According to Sparefoot, it’s important to keep in mind a few guidelines when deciding where to store your personal items.
1. Super Customer Service.
The first time you contact a self-storage facility-whether by email, phone or in person- you’ll find out how customers are treated, said Moises Ojeda, a manager at BullsEye Storage, a self-storage company in the Houston area. A good manager should greet customers in a friendly manner and answer all questions thoroughly and efficiently, Ojeda said. Big no-nos: a failure to give straight answers and a lack of organization in the office.
2. Hands-On Manager.
Ojeda said you should see a manager at the facility who’s interacting with customers and solving problems. Ojeda said that having a manager who lives on-site, as he does, is ideal. “I tell people my apartment is directly above the office-and they’ll be dealing with me 100 percent,” Ojeda said.
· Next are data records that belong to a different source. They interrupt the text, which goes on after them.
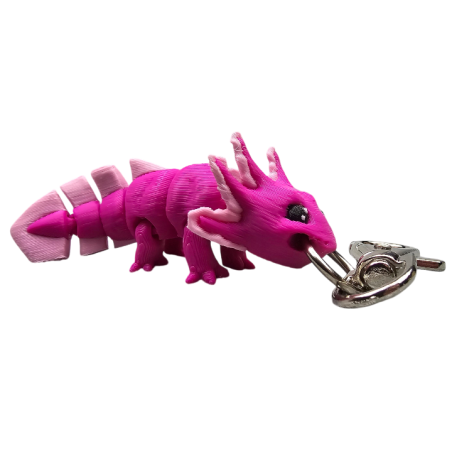 Brelok do kluczy Aksolotl BA20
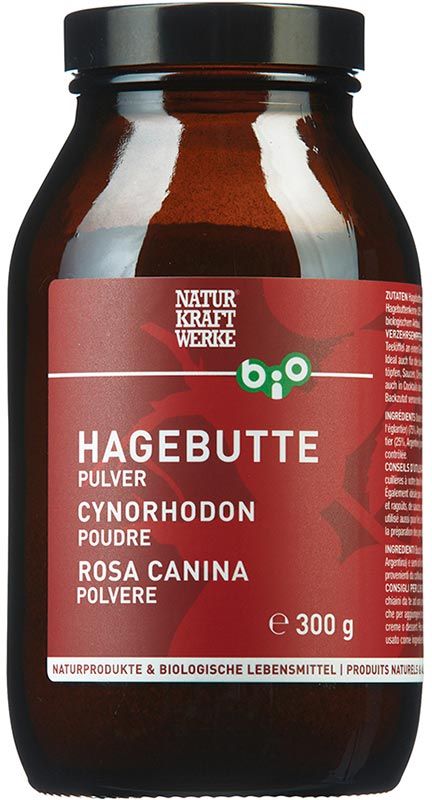 NATURKRAFTWERKE Hagebutte Pulver Bio NFP Btl 300g NATURKRAFTWERKE Hagebutte Pulver Bio NFP Btl 300g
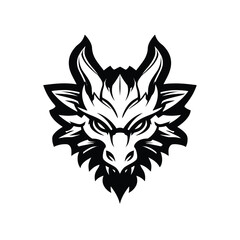 Ferocious Dragon Head Vector Art Powerful Symbol of Strength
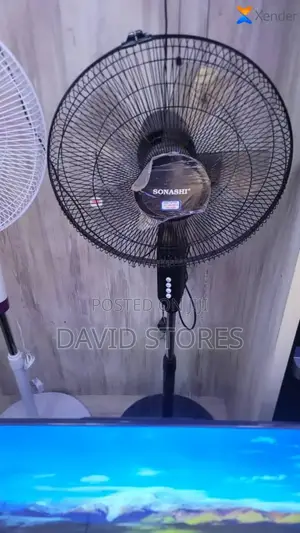 Sayona Stand Fan With Remote – Adjustable, Energy-Efficient Floor Fan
Ojeda also said he gives tenants his cellphone number in case they get locked out of the facility after hours because of, say, a power outage that causes a gate malfunction. “You try to prevent problems as much as possible, but things can go wrong,” he said.
3. Squeaky Clean.
The state of the office at a storage facility should give you a clue about the overall cleanliness of the place. The office should be dusted, and have a clean floor, spotless bathrooms and a well-groomed, neatly dressed manager, said Lewis Pollack, managing principal of Reliant Real Estate Management, which manages 1.5 million square feet of self-storage space in the Southeast. A clean office shows the facility is well-maintained, he said, and the staff will care for tenants’ belongings in the same manner.
4. No Pesky Critters.
A good self-storage facility will contract with a pest control professional who visits regularly, Pollack said. It’s extremely important to prevent infestations because pests can do plenty of damage to tenants’ belongings. For example, roaches can invade boxes of household goods, Ojeda said, or moths can ruin rugs, textiles and upholstered furniture. Meanwhile, rats can chew up wood furniture and urinate and defecate in units, Pollack said. “Those animals are nasty.”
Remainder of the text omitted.